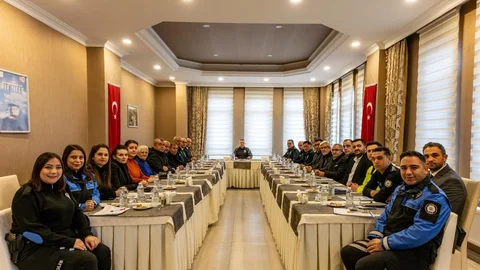 Bilecik'te Emniyet ve Muhtarlar Bir Araya Geldi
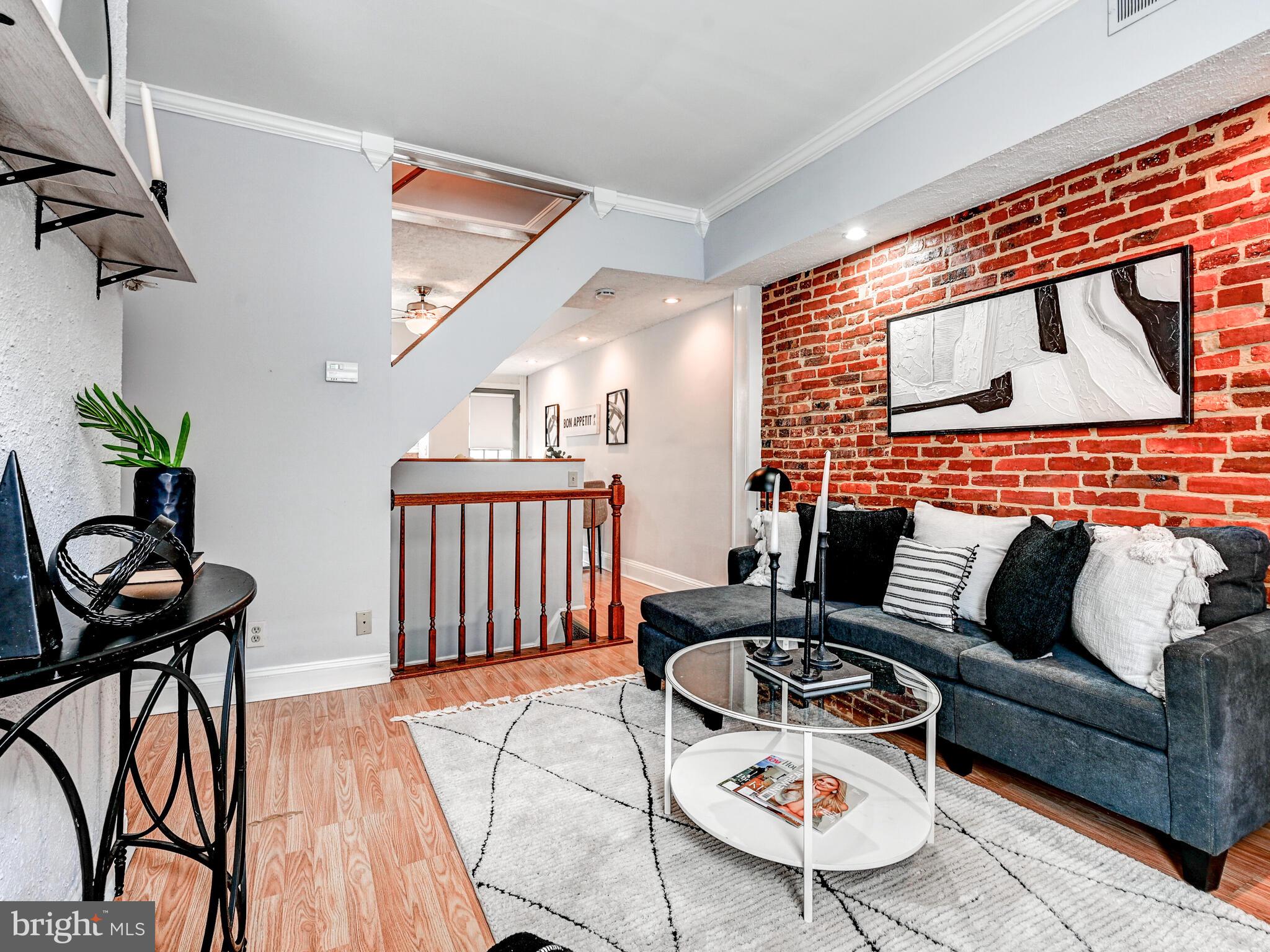 23 Rose St N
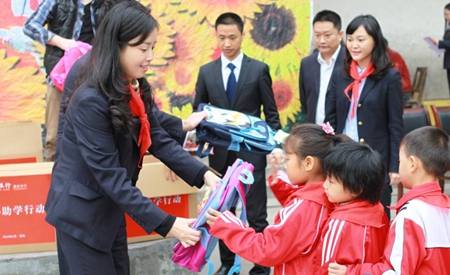 2012年，中信银行志愿者为黄沙小学孩子送去书包。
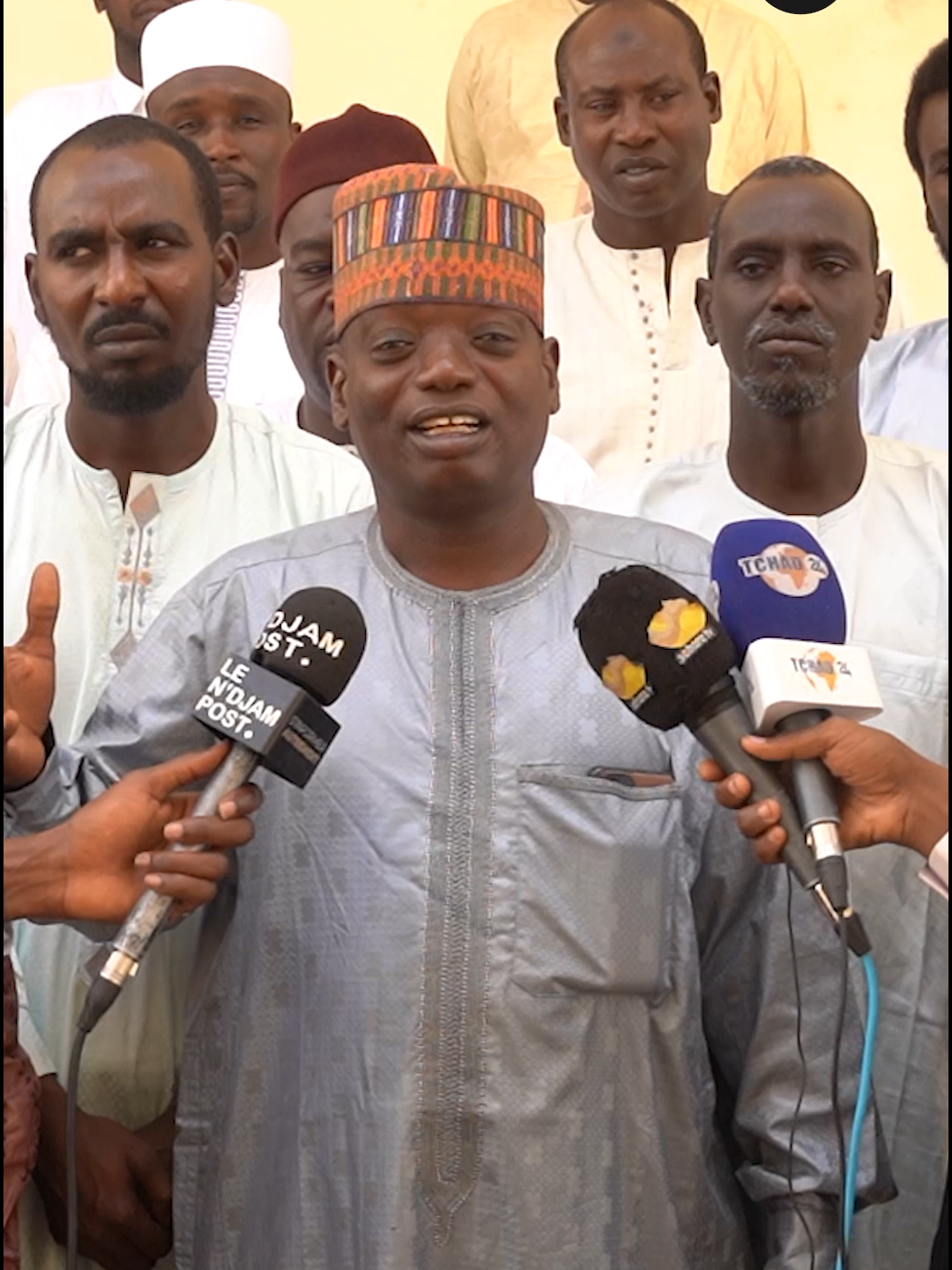 À N'Djaména, les habitants du quartier de Goudji (Kodo), situé dans la deuxième circonscription, ont protesté contre les déclarations du ministre de l'Aménagement du territoire, de l'Urbanisme et de l'Habitat, Mahamat Assileck Halata, devant la Chambre des parlementaires. Ce dernier aurait versé pour la deuxième fois des indemnités aux habitants du quartier pour compenser les pertes éventuelles liées aux opérations d'évacuation. Interrogés par le Ndjam Post, les habitants ont nié avoir reçu des sommes de la part du ministère, exigeant que le ministre détermine le sort de ce quartier dont l'histoire remonte à plus de 182 ans. #Tchad  احتجّ أهالي حي قجي (كودو) الواقع في الدائرة الثانية على تصريحات وزير استصلاح الأراضي والسكن والتمدن، السيد السليك حلاتة، التي أدلى بها أمام مجلس النواب، والتي قال فيها إنه قد دفع للمرة الثانية مبالغ مالية لسكان الحي تعويضًا عن الخسائر المحتملة جراء عمليات الإزالة. غير أن الأهالي نفوا استلامهم لأي مبالغ من الوزارة، مطالبين الوزير بتحديد مصير سكان هذا الحي الذي يعود تاريخه إلى أكثر من 182 عامًا.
==============================
Line by line, write out the material exactly, leaving the images out.

 Bilecik'te Emniyet ve Muhtarlar Bir Araya Geldi
 23 Rose St N
 2012年，中信银行志愿者为黄沙小学孩子送去书包。
 À N'Djaména, les habitants du quartier de Goudji (Kodo), situé dans la deuxième circonscription, ont protesté contre les déclarations du ministre de l'Aménagement du territoire, de l'Urbanisme et de l'Habitat, Mahamat Assileck Halata, devant la Chambre des parlementaires. Ce dernier aurait versé pour la deuxième fois des indemnités aux habitants du quartier pour compenser les pertes éventuelles liées aux opérations d'évacuation. Interrogés par le Ndjam Post, les habitants ont nié avoir reçu des sommes de la part du ministère, exigeant que le ministre détermine le sort de ce quartier dont l'histoire remonte à plus de 182 ans. #Tchad  احتجّ أهالي حي قجي (كودو) الواقع في الدائرة الثانية على تصريحات وزير استصلاح الأراضي والسكن والتمدن، السيد السليك حلاتة، التي أدلى بها أمام مجلس النواب، والتي قال فيها إنه قد دفع للمرة الثانية مبالغ مالية لسكان الحي تعويضًا عن الخسائر المحتملة جراء عمليات الإزالة. غير أن الأهالي نفوا استلامهم لأي مبالغ من الوزارة، مطالبين الوزير بتحديد مصير سكان هذا الحي الذي يعود تاريخه إلى أكثر من 182 عامًا.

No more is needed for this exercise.